* Your task *
Write back every entry exactly as it reads, with the pictures left behind.

* Data for this task *
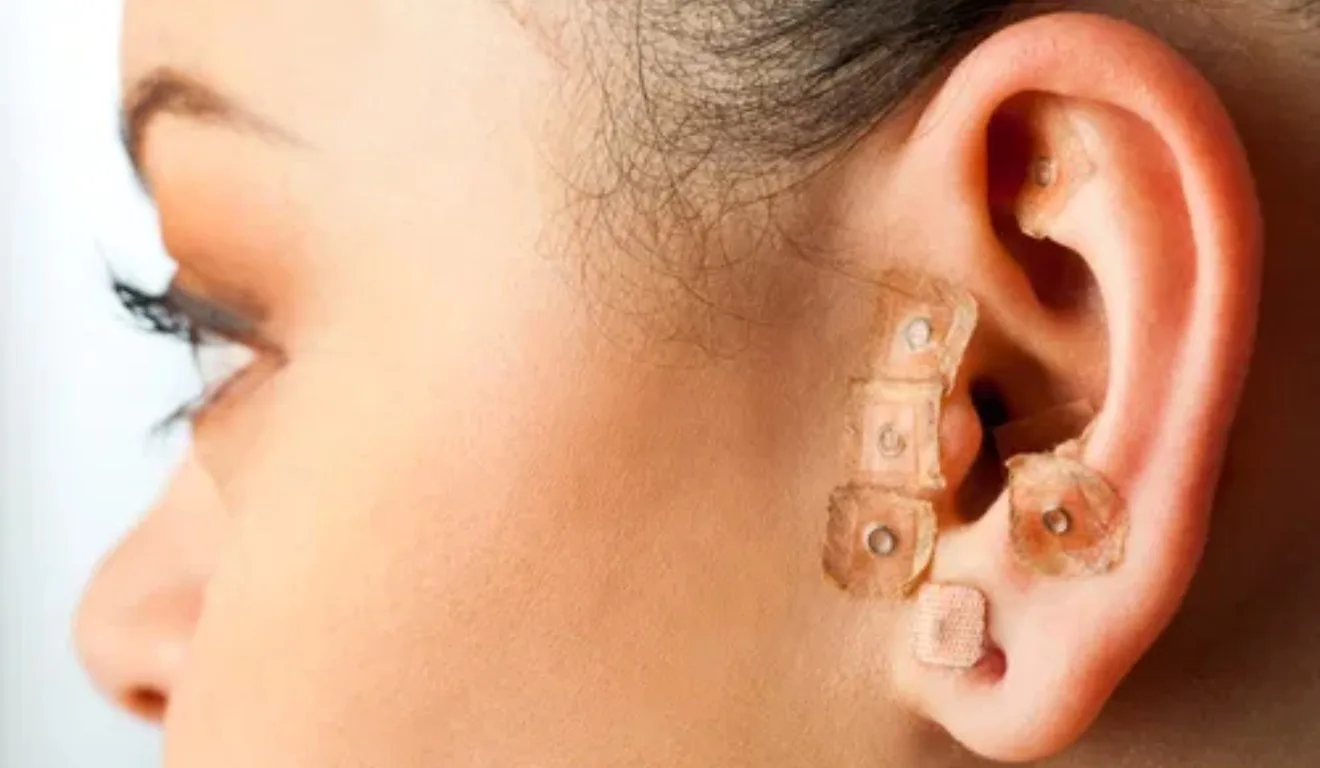 Mulher realizando auriculoterapia.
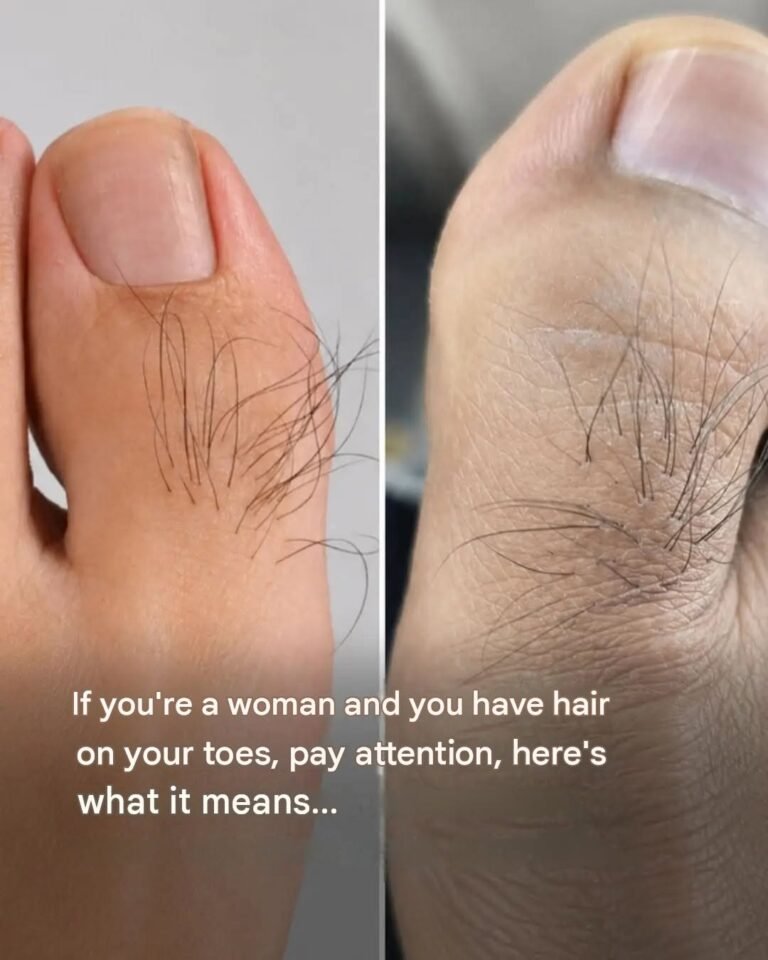 Many women are unaware of what toe hair reveals. See more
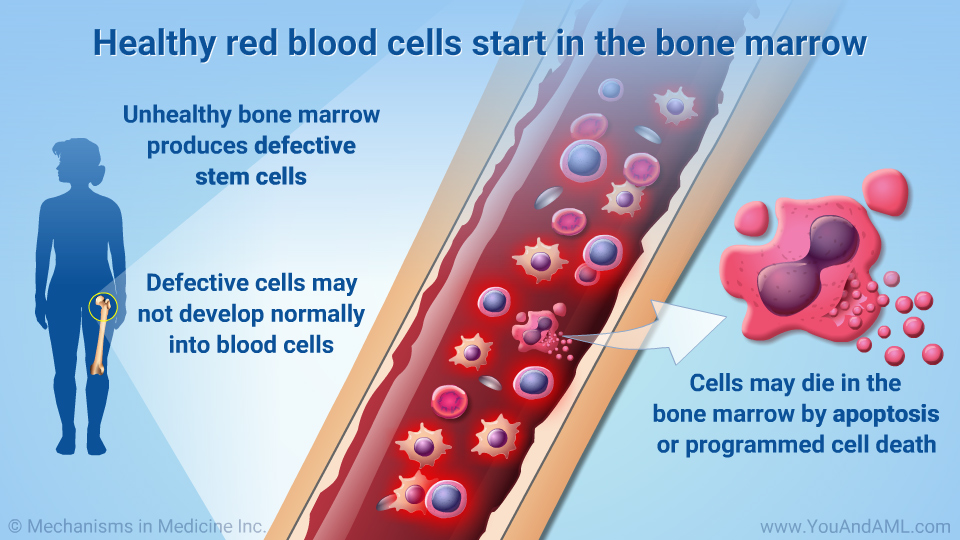 Healthy red blood cells start in the bone marrow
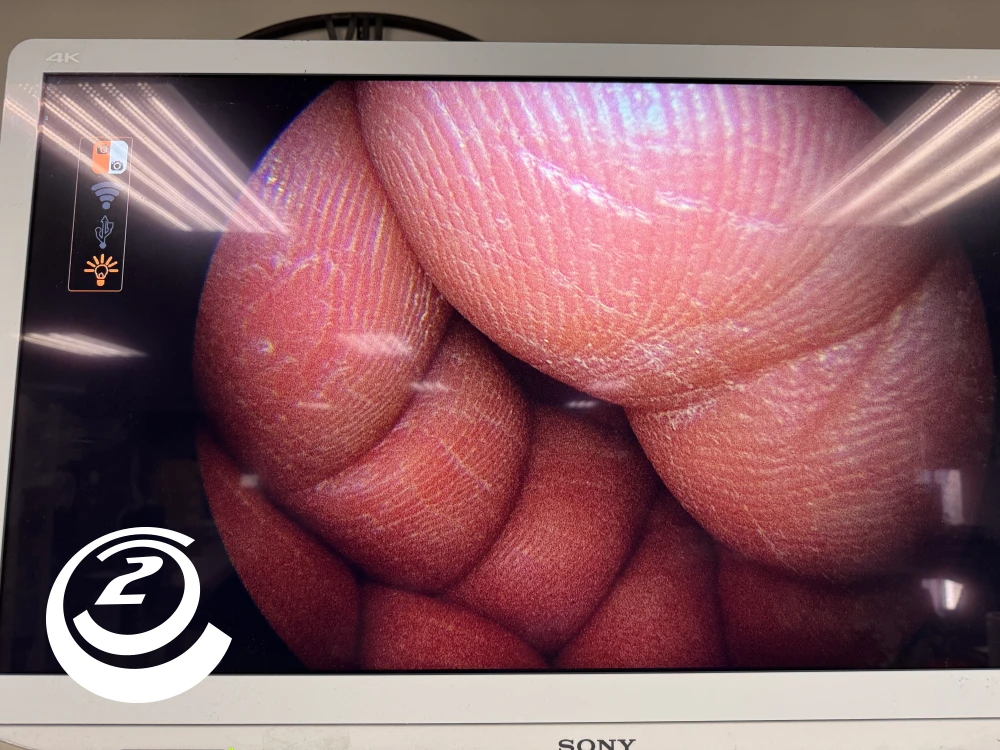 Smith & Nephew 72202087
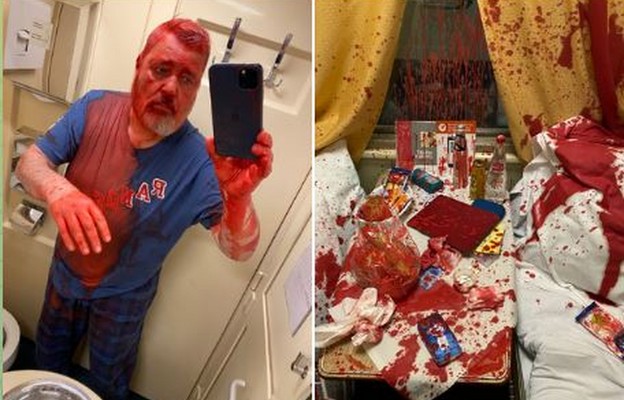 Rosja: Atak na noblistę Dmitrija Muratowa - został oblany czerwoną farbą z acetonem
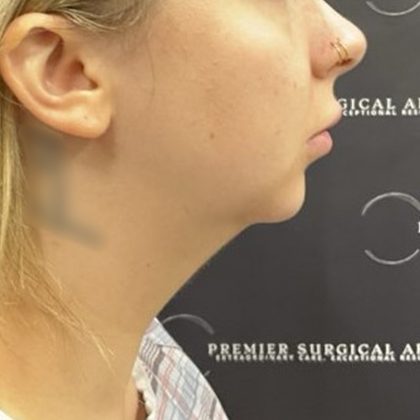 Non-surgical Skin Tightening Before & After Patient #2655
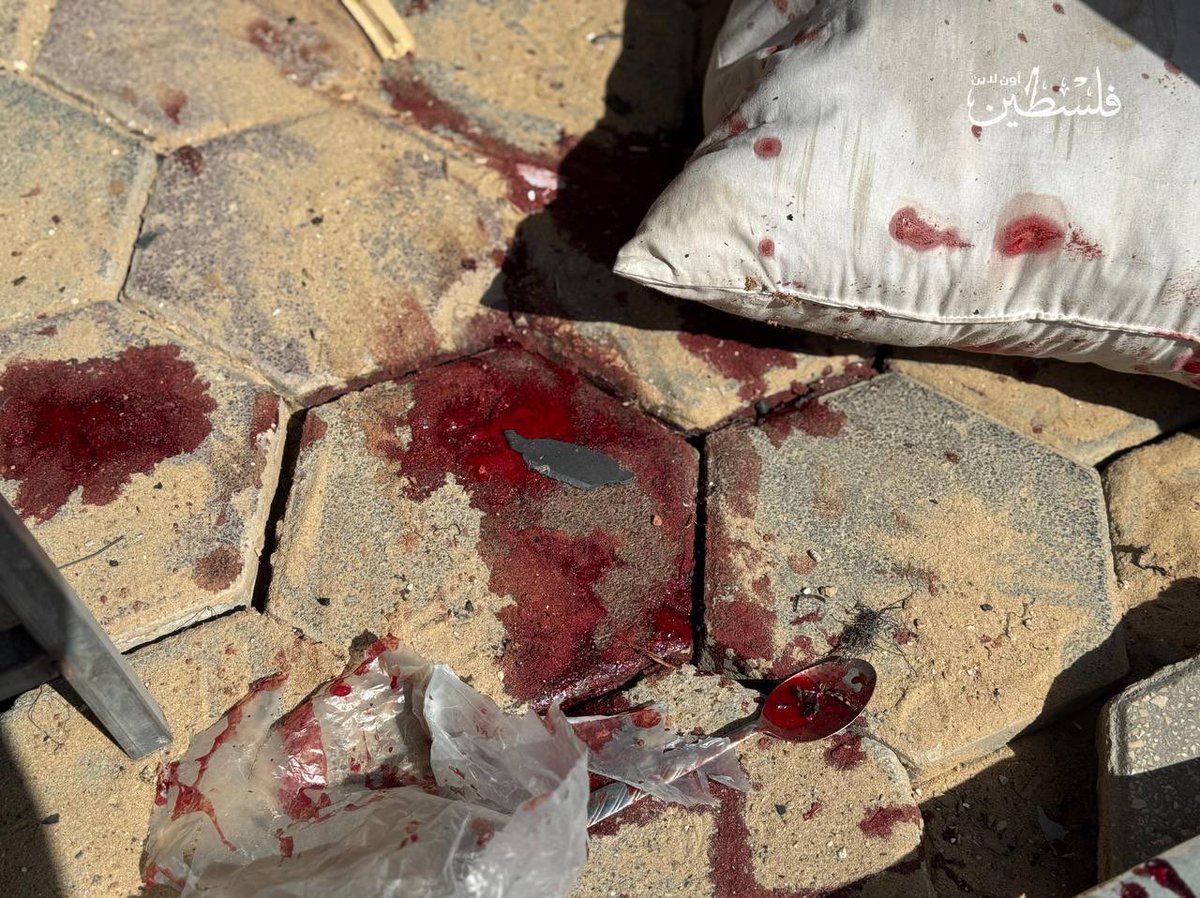 MyPalestine0's tweet photo. إصابات بينها خطيرة في صفوف الكوادر الطبية بعد قصف الاحتلال للبوابة الخلفية لمستشفى الكويت التخصصي بمواصي خانيونس. https://t.co/Rtk9L5hLYt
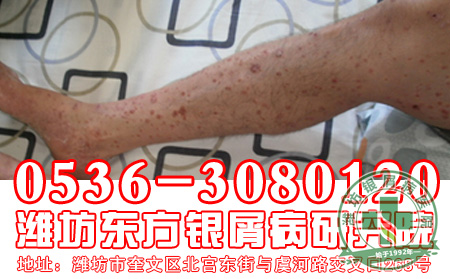 对于银屑病患者的饮食应该注意哪一些?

* Reply to the task *
 Mulher realizando auriculoterapia.
 Many women are unaware of what toe hair reveals. See more
 Healthy red blood cells start in the bone marrow
 Smith & Nephew 72202087
 Rosja: Atak na noblistę Dmitrija Muratowa - został oblany czerwoną farbą z acetonem
 Non-surgical Skin Tightening Before & After Patient #2655
 MyPalestine0's tweet photo. إصابات بينها خطيرة في صفوف الكوادر الطبية بعد قصف الاحتلال للبوابة الخلفية لمستشفى الكويت التخصصي بمواصي خانيونس. https://t.co/Rtk9L5hLYt
 对于银屑病患者的饮食应该注意哪一些?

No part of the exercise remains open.